Styles of Service for Private Chef Events
Every evening has its own rhythm. The service style sets the pace, the formality, and the energy of the room. Chef Robert works in all four traditions and will recommend the best fit based on your guest count, space, and occasion.
Plated (À la Russe)
The most refined format. Each course is individually plated in the kitchen and carried to guests at the table — appetizer, fish, main, cheese, dessert. Ideal for seated dinners of 4–12 guests where every plate is a designed composition. A server is recommended for tables of six or more.
Family-Style
Platters and handled boards placed at the center of the table, passed guest to guest. Warmer and more communal than plated service, yet still meticulously prepared. Beautiful for holiday gatherings, Sunday dinners, and groups of 6–14 where conversation should flow as freely as the wine.
Chef's Counter / Tasting
Guests gather around the island or kitchen counter while Chef Robert cooks and plates in real time — a small-format tasting menu of 5–8 courses. Intimate, immersive, and ideal for special occasions, milestone birthdays, or a memorable alternative to a restaurant tasting menu.
Buffet & Heavy Hors d'Oeuvres
A station-style or buffet presentation for larger events, cocktail receptions, and holiday open houses (20+ guests). Freshly finished by Chef Robert on-site — never warmed trays from a van — with passed hors d'oeuvres available as an add-on for a more elegant flow.

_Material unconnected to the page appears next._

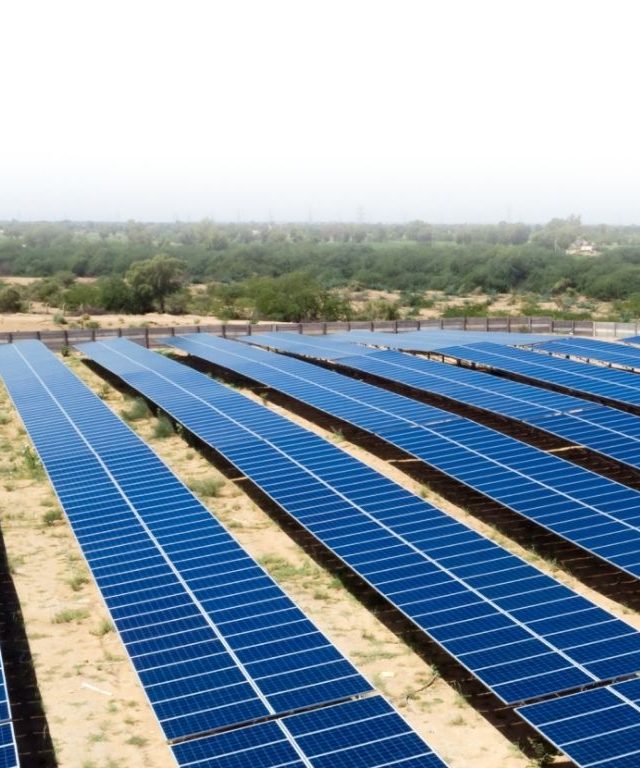 राजस्थानमध्ये २५० मेगावॅटच्या एफडीआरई प्रकल्पासाठी ACME Solar ने NHPC सोबत PPA करार केला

Tableware, Dishware, Silverware & Servingware
The plate matters as much as the plating. Chef Robert will guide you through your own cupboards — or coordinate rentals — to ensure every course is presented on the correct vessel for the dish and the evening.
Dinnerware
A proper private dinner requires a graduated set: chargers or service plates, dinner plates, salad/fish plates, bread plates, soup bowls or shallow coupes, and dessert plates. Individual gratin dishes — required for the recipe above — should be 6-ounce oven-safe porcelain. White or cream porcelain remains the most versatile canvas for seafood, pasta, and seasonal produce.
Silverware & Flatware
A formal setting requires, at minimum, a dinner fork, salad/fish fork, dinner knife, butter knife, soup spoon, and dessert fork and spoon. Fish courses benefit from dedicated fish forks and knives. Polished stainless or silver-plate is equally appropriate; what matters is weight, balance in the hand, and consistency across the table.
Glassware
Proper glassware includes water goblets, red and white wine stems, champagne flutes or coupes for sparkling, and cordial or dessert-wine glasses as the menu dictates. Crystal reads beautifully at night; lead-free crystal is the modern standard. A single universal stem is acceptable for casual evenings; dedicated reds and whites are ideal for formal dinners.
Servingware & Linens
Platters (oval for proteins, round for sides), handled serving boards, sauce boats, carving board with well, wooden pepper mill, and small ramekins for finishing salt complete the kit. Linen napkins (never paper) and a pressed tablecloth or fine runners elevate the room immediately. Chef Robert will advise on gaps before the event — nothing should be a surprise the night of.